By setting up the association patterns, it can produce predictions
like any machine learning or predictive model.
In this manner, associative models are supersets of predictive or
classification models.
So why are these not used or explored as much as their cousin
classification models?
Potential
explanations why include: (1) BAM models run in constant time, but have a
fuzzy limit on the number of patterns and associations safely stored in a
fixed BAM “brain.”
This limit is generally equal to the lesser of the two vector
sizes.
However, this limit can be exceeded before this point if the
patterns are sufficiently similar to produce crosstalk.
(2) The output when it exceeds this fuzzy limit is unpredictable.
It may produce novel output patterns never before stored.
If it is set as a 2-class classifier, a BAM might conceivably
produce a third option with no warning.
On
the other hand, mixing up similar patterns and associations is consistent
with real people mixing up similar facts in real life.
For example, a person may view a face and remark that they have
“their mother’s eyes” but “their father’s chin.”

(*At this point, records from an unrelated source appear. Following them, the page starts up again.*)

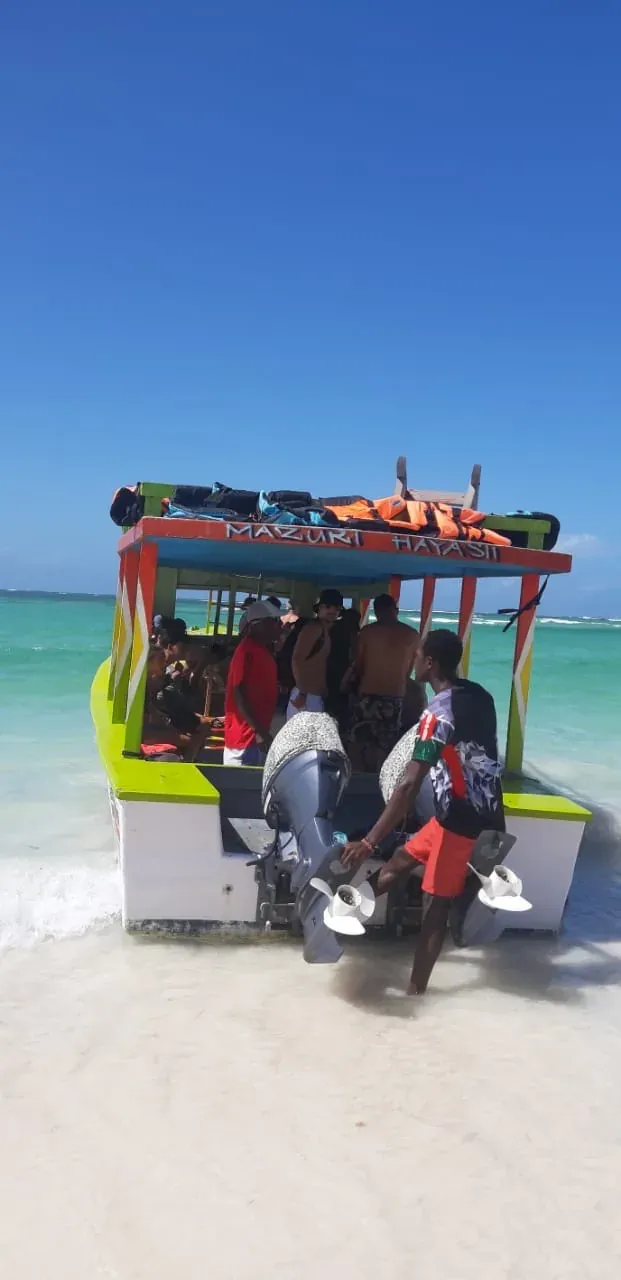The colourful excursion boat moored on the sandbank, guests aboard and turquoise water all around.
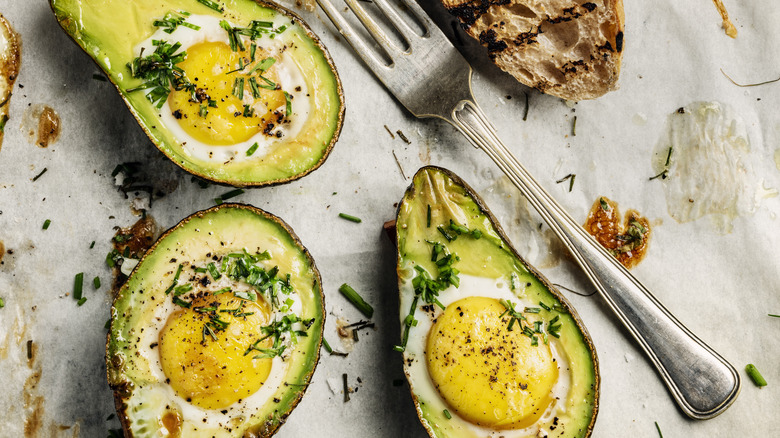 Baked avocado eggs with fork and bread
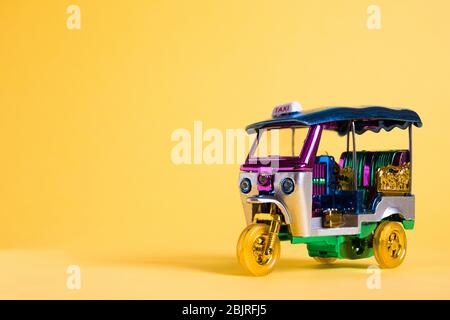 Modell Toy Tuk Tuk isoliert auf gelbem Hintergrund. Thai traditionelle Taxi in Bangkok Thailand. Souvenir Stockfoto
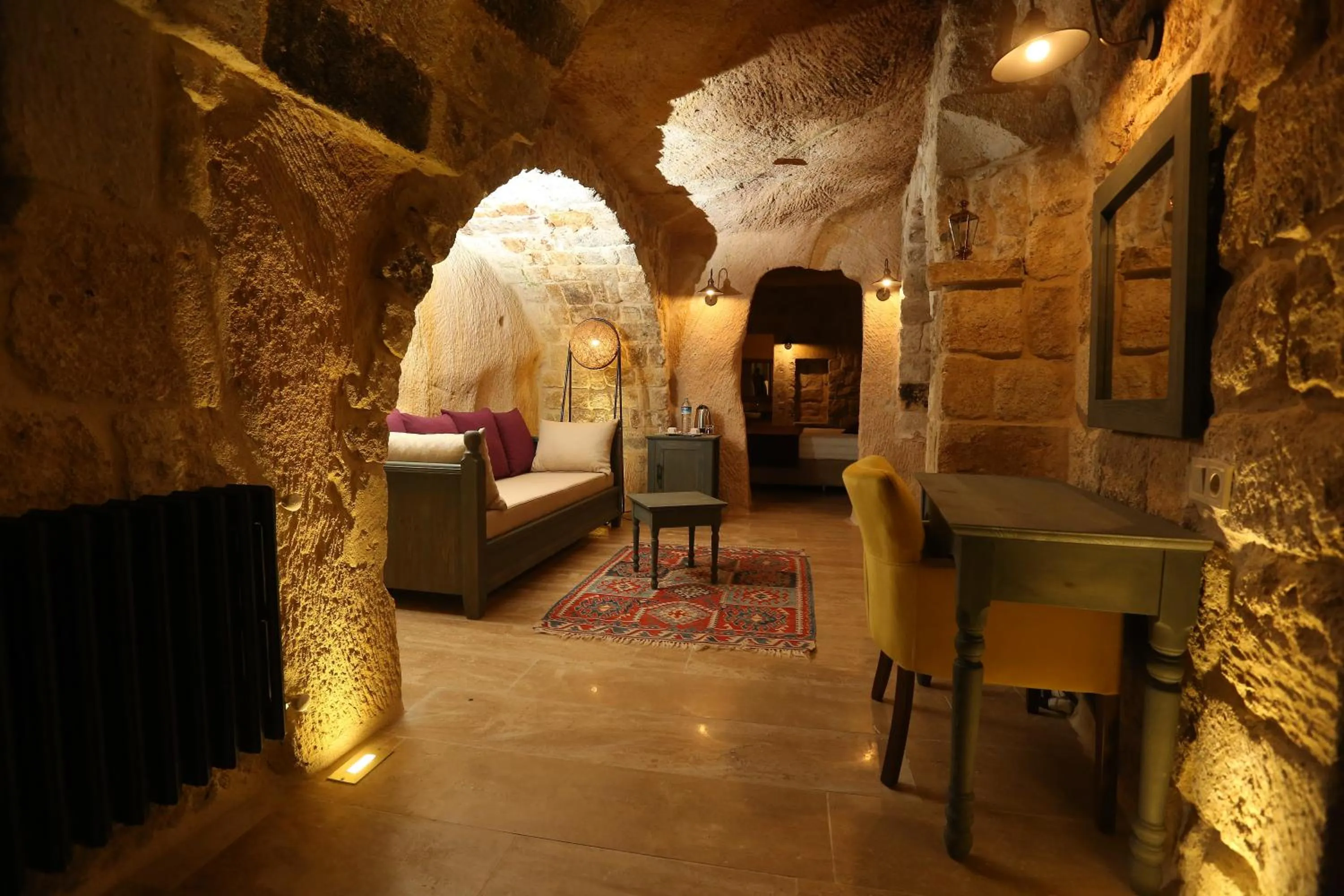 Bed in Acropolis Cave Suite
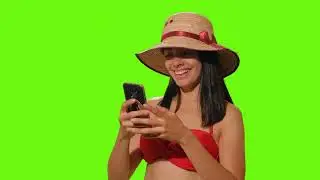 Girl in beachwear takes a selfie on green screen   Free Stock Video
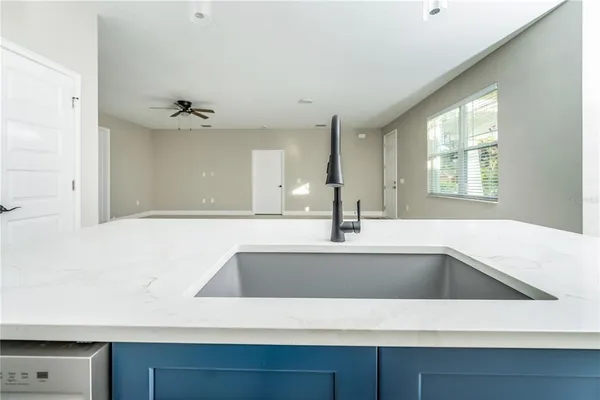 a view of a kitchen counter a sink and dishwasher with wooden floor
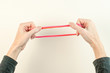 Red rubber band being stretched from two sides by woman.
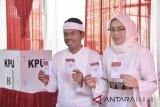 ?Calon Wakil Gubernur Jabar nomor urut empat Dedi Mulyadi (kiri) didampingi istri Anne Ratna Mustika (kanan) menunjukan surat suara saat menggunakan hak pilih di TPS 6 Purwakarta, Jawa Barat, Rabu (27/6). Pilgub Jabar diikuti empat pasang cagub dan cawagub dengan jumlah daftar pemilih tetap (DPT) sebanyak 31.735.133 pemilih. ANTARA JABAR/Agung Fatma Putra/agr/18.
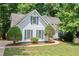 Charming two-story home with beautiful lawn, lush landscaping, and green shutters at 2605 Woodland Hills Dr, Cumming, GA 30040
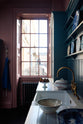 Looking across the sink run and through the adjacent sash window, a glimpse of Bath’s classic Georgian architecture unfolds outside. Light floods the room, casting a soft sheen on the painted teal cabinetry and Carrara marble worktop. The deep gold aged brass tap catches the light, adding dramatic warmth to the scene.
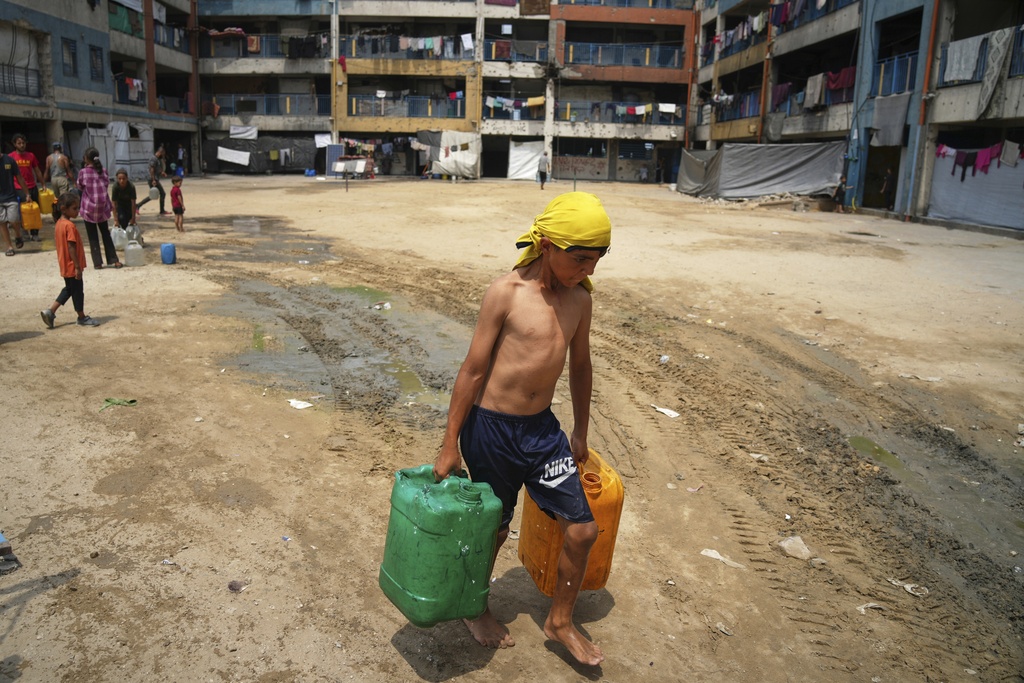In the summer heat, a Palestinian boy carries jerrycans after collecting water from a distribution point in Gaza City, Tuesday, Aug. 12, 2025. (AP Photo/Jehad Alshrafi)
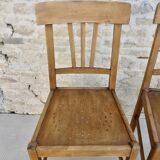 Pair of bistro chairs with perforated seat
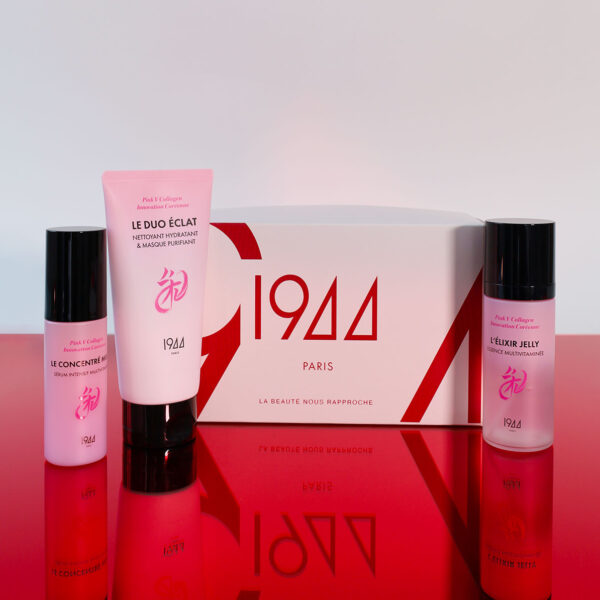 Coffret Le Rituel Éclat 1944 Paris : étui blanc et rouge avec Le Baume Démaquillant, La Sublime Glow crème haute hydratation et Le Soin Éclat crème yeux de la gamme Pink V Collagen, sur une surface rouge brillante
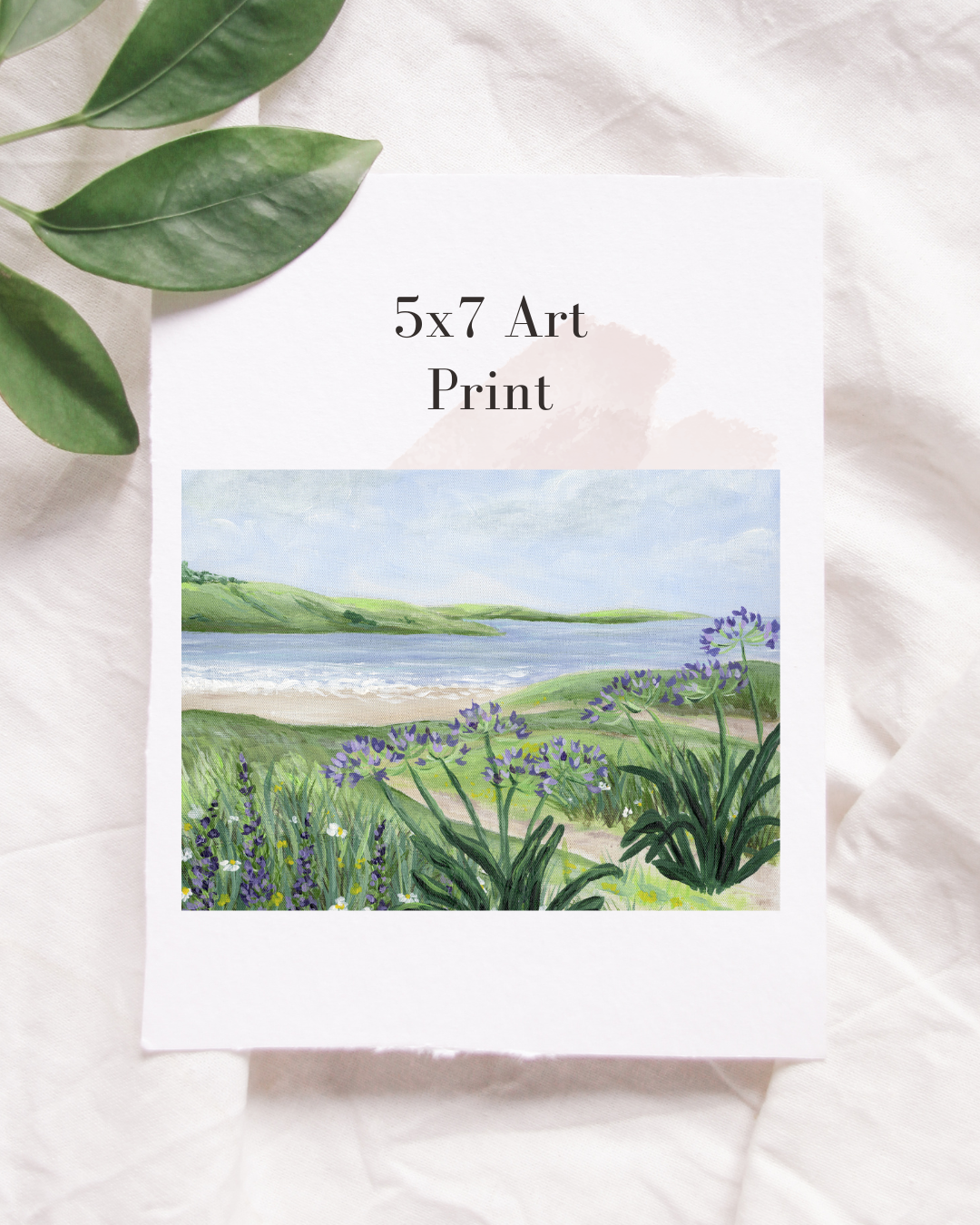 A printed art print titled "5x7 Art Print" featuring a landscape painting of a coastal scene with a beach, ocean, green hills, and purple flowers, placed on a white fabric with green leaves nearby.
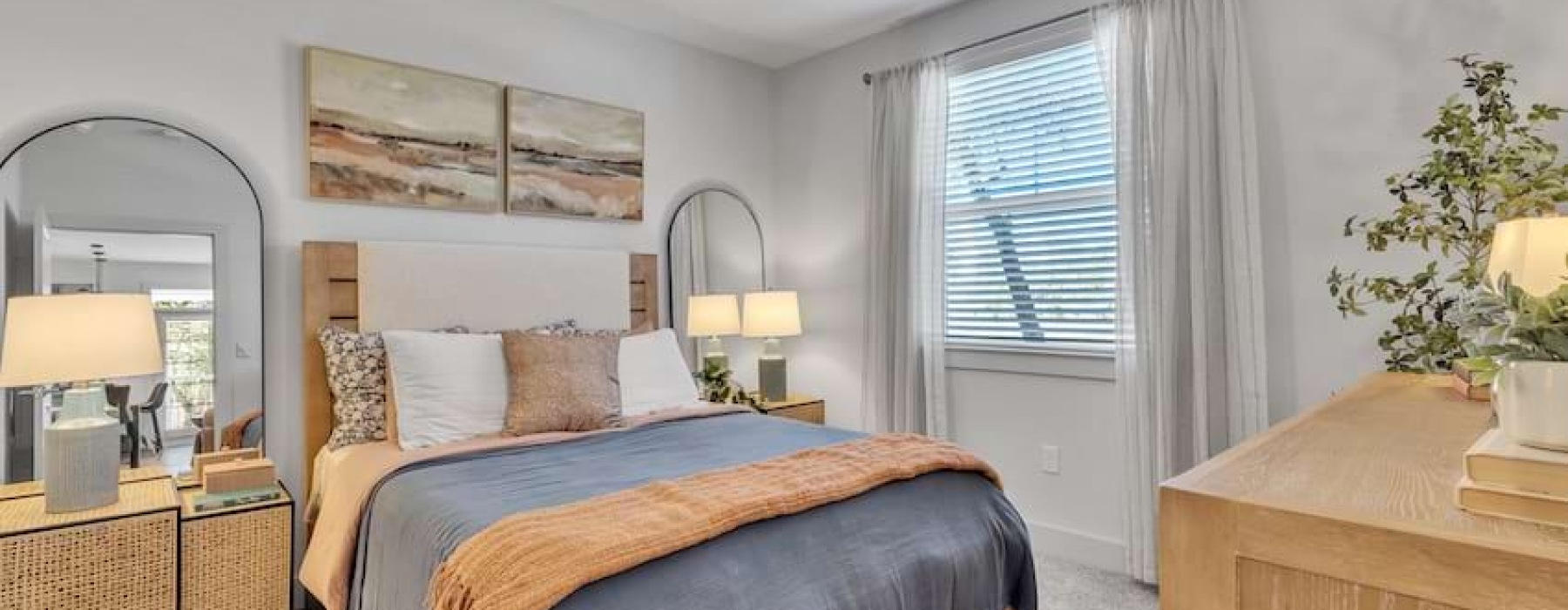 One-bedroom apartment bedroom at Pyland Ranch in San Marcos, TX
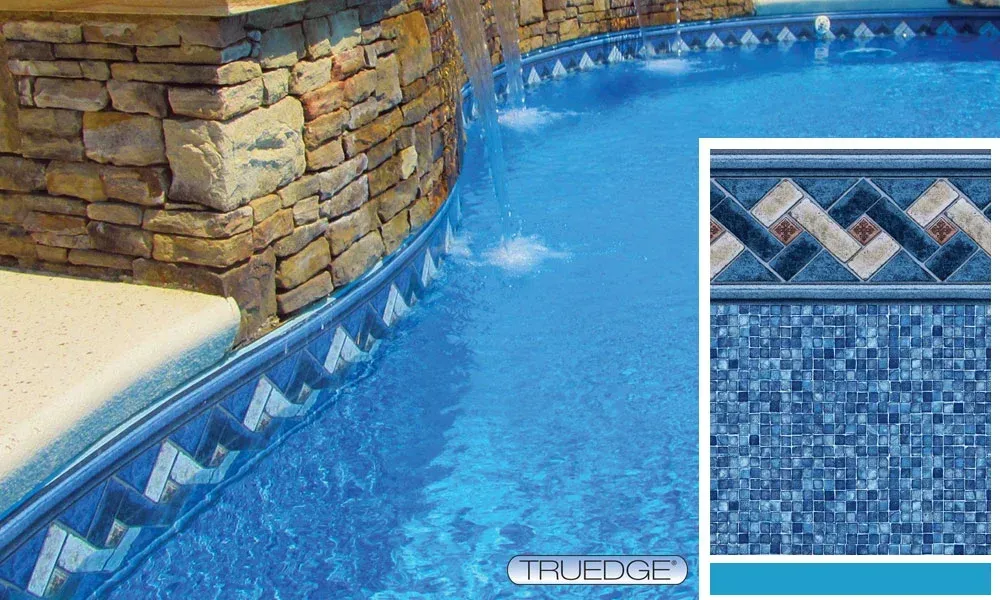 A swimming pool with a stone wall and a tile border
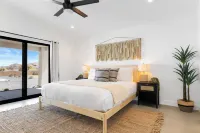 Bocce PoolSpa Game Room Firepit Modern Oasis Yucca Haven by AvantStay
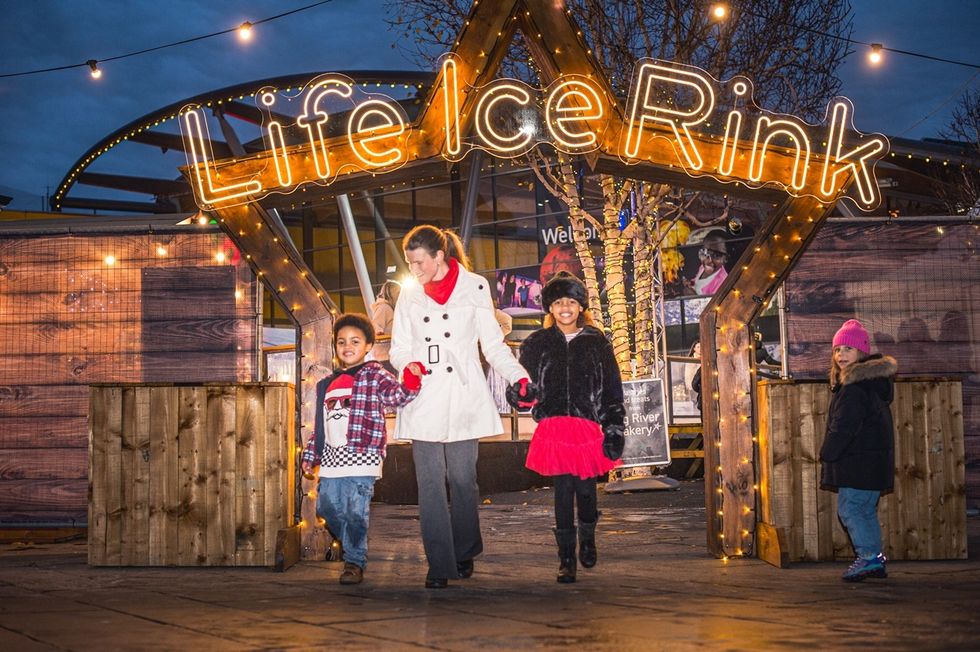 Family walking under a "Life Ice Rink" sign, surrounded by festive lights.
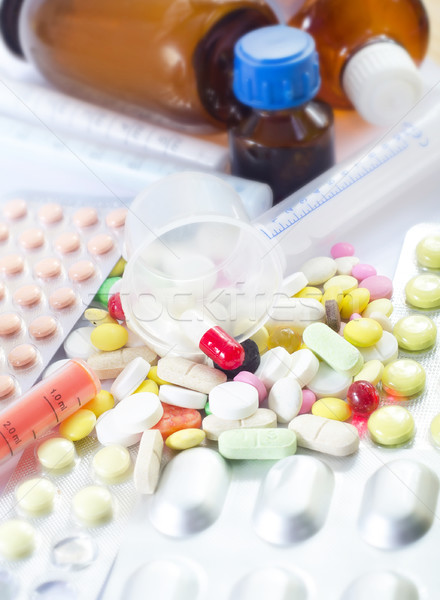 Tabletták háttér csoport üveg piros rózsaszín Stock fotó © tycoon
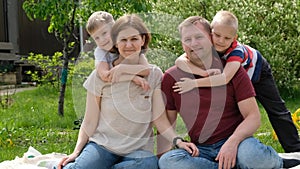 Family concept shot - woman and man and their children boys enjoy sunny day outdoors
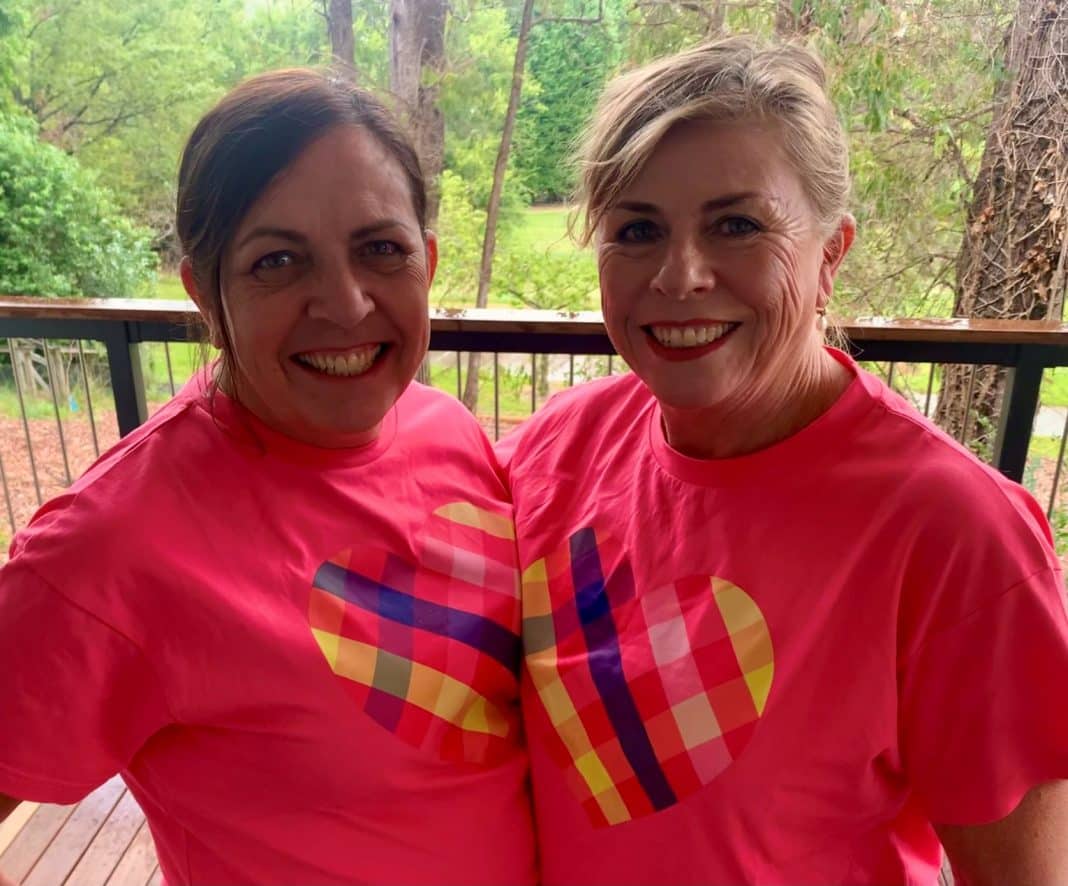 2 women in matching pink Mother's Day Classic T-shirts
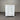 White dresser with multiple drawers against a gray corrugated metal background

Going further, this mixing and production of novel patterns might
offer potential avenues for exploring creativity – how does an artist
create various art forms such as classical symphonies or impressionist
art?
These are not constrained 2-alternative forced choice
classification tasks.
In
any case, BAM models and derivatives are intriguing, yet apparently hidden
gems of models well deserving of further exploration. |